The words echoed, and they felt horribly hollow. Where once he was certain of his purpose, Freddie found he was trying once again to reinvent his future and convince himself that ... he wasn't even sure what he was trying to convince himself of. He couldn't save a world that did not want saving. He couldn't help a world that tied his hands. The one man he did want to help had stopped asking him long ago, because there was nothing that could be done. Freddie's clients would be kings, but a king was still a man, just as John Merrick was a man. Why should a king be more deserving?

"Help me," Freddie whispered quietly, calling out to God or any divine being vying for attention. If the only hope was in the world beyond this one, then Freddie was ready to go. That day at the train station, John had whispered those two words, "help me," and had wept on the sleeve of Freddie's favorite jacket. The tear stain had never gone away. Sometimes Freddie wondered what would happen if he had the courage to cry for help like that. Whose sleeve would catch his tears?

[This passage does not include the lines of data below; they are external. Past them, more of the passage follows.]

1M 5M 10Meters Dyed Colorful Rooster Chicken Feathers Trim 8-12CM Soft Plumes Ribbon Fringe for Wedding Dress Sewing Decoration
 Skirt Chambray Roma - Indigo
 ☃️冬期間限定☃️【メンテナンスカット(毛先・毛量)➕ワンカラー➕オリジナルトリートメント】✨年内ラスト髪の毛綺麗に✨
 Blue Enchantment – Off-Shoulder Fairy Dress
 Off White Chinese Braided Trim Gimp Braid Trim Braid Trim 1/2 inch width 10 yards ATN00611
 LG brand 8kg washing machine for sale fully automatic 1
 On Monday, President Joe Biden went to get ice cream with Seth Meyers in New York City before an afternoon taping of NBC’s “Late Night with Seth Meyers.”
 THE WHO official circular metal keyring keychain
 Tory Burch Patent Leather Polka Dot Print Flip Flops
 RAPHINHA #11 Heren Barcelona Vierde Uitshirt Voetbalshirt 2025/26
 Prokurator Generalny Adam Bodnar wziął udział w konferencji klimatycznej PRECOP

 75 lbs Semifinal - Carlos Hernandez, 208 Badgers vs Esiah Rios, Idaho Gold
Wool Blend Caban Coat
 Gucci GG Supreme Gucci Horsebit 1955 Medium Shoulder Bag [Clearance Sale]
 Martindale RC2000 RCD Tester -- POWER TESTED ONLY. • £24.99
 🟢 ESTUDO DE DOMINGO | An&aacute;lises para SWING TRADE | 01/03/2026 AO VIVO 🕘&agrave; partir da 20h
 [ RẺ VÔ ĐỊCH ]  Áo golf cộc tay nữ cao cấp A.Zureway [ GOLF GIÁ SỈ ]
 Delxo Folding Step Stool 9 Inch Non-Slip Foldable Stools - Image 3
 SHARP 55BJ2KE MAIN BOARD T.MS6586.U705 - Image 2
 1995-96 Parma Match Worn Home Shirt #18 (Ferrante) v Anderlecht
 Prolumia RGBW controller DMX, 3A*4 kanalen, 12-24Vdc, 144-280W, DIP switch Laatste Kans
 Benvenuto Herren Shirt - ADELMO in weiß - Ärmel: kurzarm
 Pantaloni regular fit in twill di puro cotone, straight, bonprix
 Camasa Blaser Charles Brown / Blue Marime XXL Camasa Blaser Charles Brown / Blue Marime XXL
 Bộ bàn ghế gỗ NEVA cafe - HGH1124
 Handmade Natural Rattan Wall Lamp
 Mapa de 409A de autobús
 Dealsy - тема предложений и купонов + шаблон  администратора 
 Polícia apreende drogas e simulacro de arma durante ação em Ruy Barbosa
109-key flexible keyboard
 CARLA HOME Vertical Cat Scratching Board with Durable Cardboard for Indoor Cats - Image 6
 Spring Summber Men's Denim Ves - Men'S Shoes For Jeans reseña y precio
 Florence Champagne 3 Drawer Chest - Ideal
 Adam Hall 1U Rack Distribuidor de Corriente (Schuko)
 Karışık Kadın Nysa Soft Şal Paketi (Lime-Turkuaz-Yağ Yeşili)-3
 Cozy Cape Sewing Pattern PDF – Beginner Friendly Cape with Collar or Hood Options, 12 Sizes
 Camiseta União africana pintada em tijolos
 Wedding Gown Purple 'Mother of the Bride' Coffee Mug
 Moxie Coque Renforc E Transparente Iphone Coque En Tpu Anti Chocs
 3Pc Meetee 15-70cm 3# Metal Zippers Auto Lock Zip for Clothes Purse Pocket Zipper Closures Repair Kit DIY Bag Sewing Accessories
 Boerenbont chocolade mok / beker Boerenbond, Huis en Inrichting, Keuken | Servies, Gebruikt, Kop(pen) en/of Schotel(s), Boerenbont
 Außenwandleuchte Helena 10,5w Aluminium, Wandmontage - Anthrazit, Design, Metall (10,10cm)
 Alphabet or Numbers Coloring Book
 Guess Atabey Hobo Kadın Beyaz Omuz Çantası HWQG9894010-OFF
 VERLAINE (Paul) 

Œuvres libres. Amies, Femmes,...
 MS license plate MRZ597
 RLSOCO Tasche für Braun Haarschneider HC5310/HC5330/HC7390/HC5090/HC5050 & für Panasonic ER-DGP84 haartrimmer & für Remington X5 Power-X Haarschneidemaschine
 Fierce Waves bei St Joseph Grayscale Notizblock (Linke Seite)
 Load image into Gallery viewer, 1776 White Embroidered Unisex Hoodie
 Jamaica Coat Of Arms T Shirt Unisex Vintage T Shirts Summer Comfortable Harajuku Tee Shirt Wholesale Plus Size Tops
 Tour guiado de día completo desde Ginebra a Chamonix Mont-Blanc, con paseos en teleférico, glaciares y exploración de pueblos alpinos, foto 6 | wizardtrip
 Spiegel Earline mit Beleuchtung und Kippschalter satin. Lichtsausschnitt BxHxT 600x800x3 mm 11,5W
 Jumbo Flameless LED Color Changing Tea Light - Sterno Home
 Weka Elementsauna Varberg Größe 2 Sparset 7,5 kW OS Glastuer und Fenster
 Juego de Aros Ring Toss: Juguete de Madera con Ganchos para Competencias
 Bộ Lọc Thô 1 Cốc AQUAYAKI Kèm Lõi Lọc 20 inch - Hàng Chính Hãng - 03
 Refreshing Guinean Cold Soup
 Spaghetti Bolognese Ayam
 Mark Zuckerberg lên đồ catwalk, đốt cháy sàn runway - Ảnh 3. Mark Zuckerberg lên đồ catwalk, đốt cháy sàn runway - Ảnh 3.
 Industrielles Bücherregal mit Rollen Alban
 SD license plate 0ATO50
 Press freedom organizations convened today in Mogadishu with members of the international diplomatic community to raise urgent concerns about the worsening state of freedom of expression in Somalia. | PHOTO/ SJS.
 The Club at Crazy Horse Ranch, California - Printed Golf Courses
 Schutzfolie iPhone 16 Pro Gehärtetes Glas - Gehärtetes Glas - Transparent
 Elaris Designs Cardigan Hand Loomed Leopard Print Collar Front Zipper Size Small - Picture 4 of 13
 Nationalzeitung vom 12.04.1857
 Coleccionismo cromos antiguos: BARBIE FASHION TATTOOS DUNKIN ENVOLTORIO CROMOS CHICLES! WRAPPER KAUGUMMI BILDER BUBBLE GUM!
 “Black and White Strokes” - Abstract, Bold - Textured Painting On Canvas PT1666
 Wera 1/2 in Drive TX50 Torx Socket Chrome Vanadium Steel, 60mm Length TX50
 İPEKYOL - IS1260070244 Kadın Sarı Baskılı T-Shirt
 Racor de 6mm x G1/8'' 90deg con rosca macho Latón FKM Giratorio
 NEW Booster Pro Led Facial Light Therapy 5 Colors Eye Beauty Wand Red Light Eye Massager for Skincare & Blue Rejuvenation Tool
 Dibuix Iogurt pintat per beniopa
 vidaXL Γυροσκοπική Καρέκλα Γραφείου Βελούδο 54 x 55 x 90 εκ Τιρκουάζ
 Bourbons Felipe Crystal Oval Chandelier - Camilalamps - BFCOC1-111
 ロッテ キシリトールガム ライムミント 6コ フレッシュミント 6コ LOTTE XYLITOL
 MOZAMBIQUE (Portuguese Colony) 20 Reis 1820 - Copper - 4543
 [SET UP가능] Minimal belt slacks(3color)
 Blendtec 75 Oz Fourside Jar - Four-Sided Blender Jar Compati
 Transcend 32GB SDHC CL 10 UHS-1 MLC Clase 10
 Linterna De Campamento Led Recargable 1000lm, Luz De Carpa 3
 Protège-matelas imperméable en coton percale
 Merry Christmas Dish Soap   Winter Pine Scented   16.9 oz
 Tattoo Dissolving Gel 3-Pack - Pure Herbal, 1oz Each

'Speak up, Freddie. You know what you're talking about.'

He knew - he saw the foolishness. He wrote pamphlets and counseled patients, but he often found himself crying out at the top of his voice to a world that wouldn't listen. And slowly, through the years, he'd learned not to waste his breath. That was the weight behind the look Mr. Gomm gave him. His mentor sought to shape and mold him, so that he could enjoy his 'consolation prize' without being ripped apart by the madness of the world. Every measure of indifference he learned from Mr. Gomm felt like a piece of his soul tearing away. His chest tightened and Freddie grabbed the front of his shirt as if that could hold his soul together. He couldn't live with himself if he became that man. He had to speak up. Had to. So he ran back toward John's room. Mr. Gomm was just coming into the hallway.

"I did think of one other thing," Freddie said urgently, but froze when Mr. Gomm held up a hand.

"It's too late," Mr. Gomm said. "It is done."

Freddie's mouth flapped uncertainly as his heartfelt words remained unsaid. The words quickly slipped from his mind, and were replaced with self-critical admonishments. Mr. Gomm walked coolly back to his office, indifferent to the crushing blow he'd just delivered. It was too late. Freddie Treves had never been too late before. He'd never considered that the time for right action could pass so quickly. And he couldn't help but wonder - if he met another John Merrick today, would he show compassion, or would turn his head and walk quietly by?